A chutney, stated briefly, is a sweet and sour relish used to preserve fruit or vegetables that originated on the Indian subcontinent. It was brought to England when they conquered, occupied and colonized India, and has become a more popular condiment in today’s hip and trendy food world. Last year we started a garden and, while some of the vegetables produced just enough for us to eat and enjoy, some things like our jalapenos and superchilis went absolutely bananas late in the fall, and we were left to ponder the question of “what the heck are we going to do with this stuff”. That led me to explore different ways to preserve things and put them up for the winter months.
Last year we tried to grow tomatoes and had very little success. (The squirrels might disagree — THEY had a very successful tomato season). This year, we were more determined to experience the unexpurgated joy of homegrown tomatoes, and we planted not only Austin red pear and sweet cherry tomatoes, but some medium-sized beefsteak varieties. While we didn’t get much fruit over the summer, around the beginning of September, the squirrels had their fill, and we got a rather large crop of cherry tomatoes, but the beefsteaks have not gotten enough fall sun to ripen. With an impending freeze, we decided to harvest as much of the green fruit as we could and figure out what to do with them. When we did an online search for “what the heck do you do with green tomatoes”, we saw several recipes for Green Tomato Chutney and being the adventurous sort, I decided to just go for it.
After reviewing several of the recipes, I discovered a few common elements: green tomatoes, vinegar, sugar, onions and raisins. Different people used different kinds of vinegar ranging from plain white to malt varieties. I also noticed that there weren’t a lot of spices involved. Putting myself in a madras frame of mind, I decided to take the basics and just wing my own recipe from what I had around, which is totally in the spirit of a traditional chutney. Here is what I came up with.

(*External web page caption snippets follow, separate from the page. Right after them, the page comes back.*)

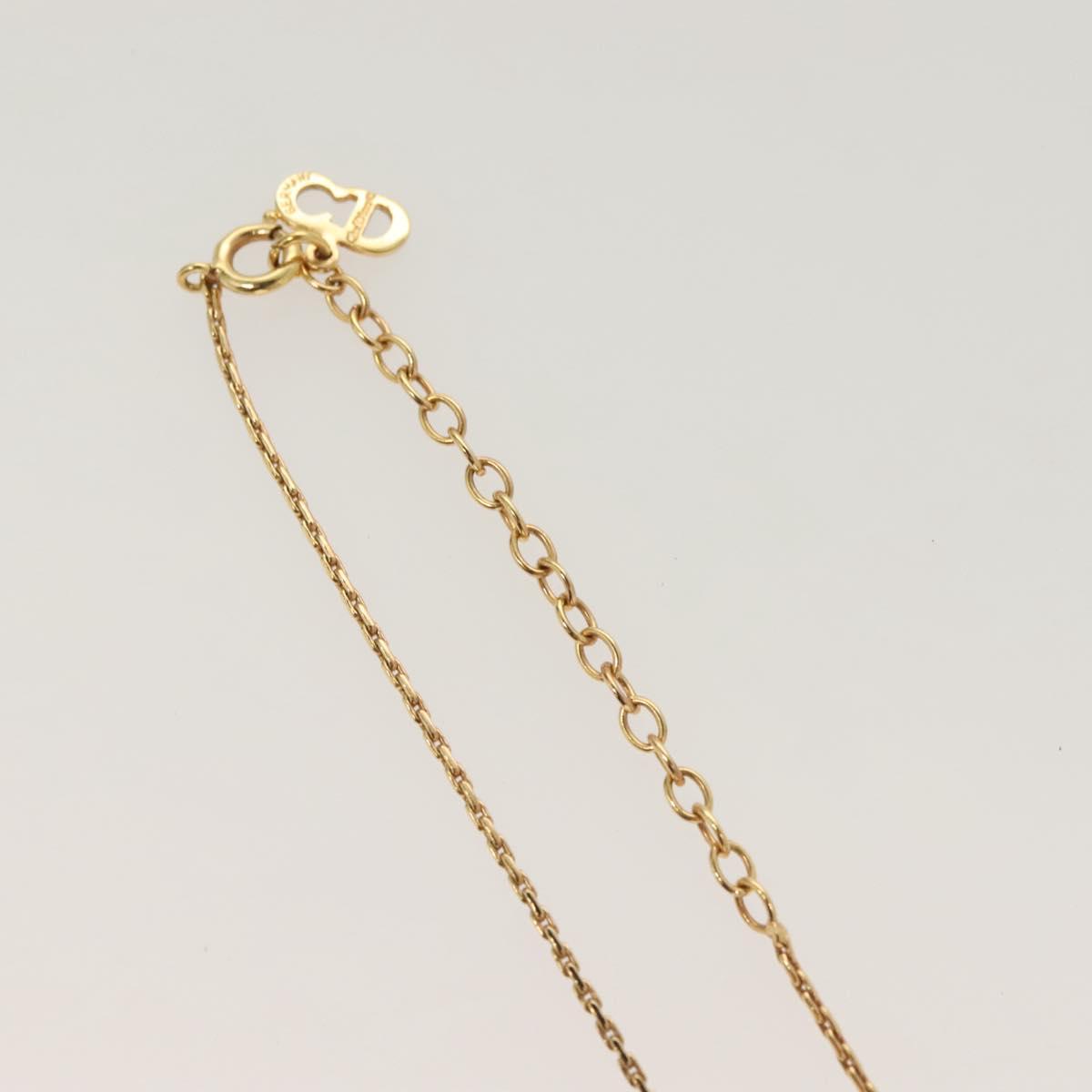 Christian Dior Necklace metal Gold Auth SW947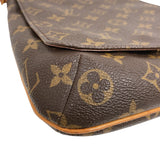 ルイ・ヴィトン LOUIS VUITTON ミュゼット・サルサショート M51258 ブラウン モノグラム レディース ショルダーバッグ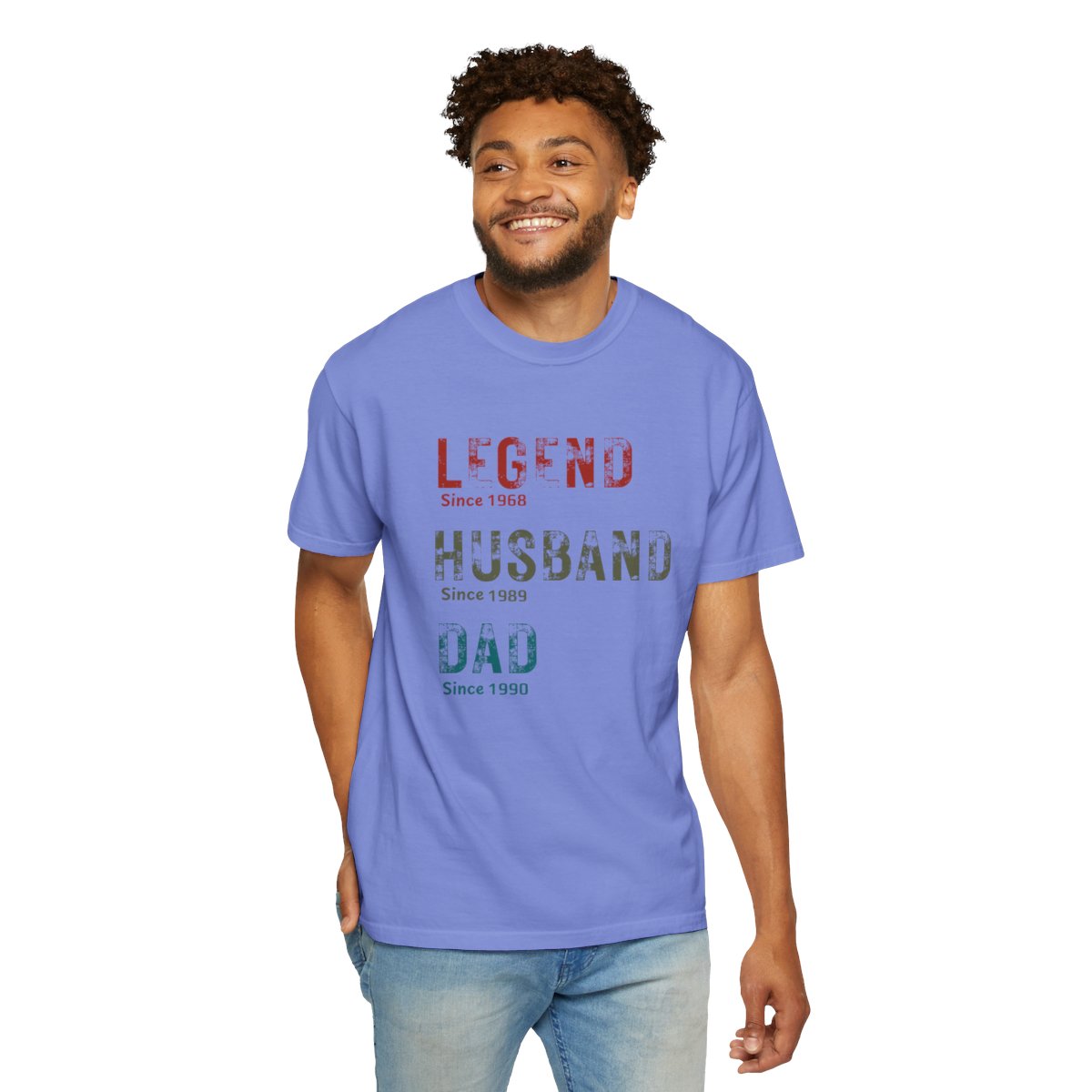 Personalized Legend Husband Dad Shirt | Custom Dad Since Year Tee | Father's Day Gift for Husband | Comfort Colors® 1717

2 lbs green tomatoes, cut into 1 inch cubes
2 medium onions, large dice
2 apples peeled and cut into 1 inch cubes (I used Gala)
½ cup currants (we were out of raisins)
3 small jalapenos (everything we cook has peppers in it these days)
2 cups of apple cider vinegar
1 stick cinnamon
1 tbs coriander seeds, crushed
1 tbs ground black pepper
2 tsp dried ginger
2 tbs salt
1 cup brown sugar
Sprinkle two tablespoons of salt over the onions and green tomatoes and set in a container (in the refrigerator?) overnight to leach as much of the juice out as possible. Drain the liquid but don’t rinse the fruit. Put the vinegar, sugar and spices in a large pot and bring to a boil. Add the diced apples, currants and the drained onions and green tomatoes. Simmer on medium low for an hour or two until everything is soft and the liquid is well reduced and has the consistency of a thick syrup. Preserve in jars like you would any kind of jam and enjoy. It is a particularly good counterpoint to rich meats but don’t let it stop you from having a peanut butter and spicy green tomato chutney sandwich on whole wheat toast.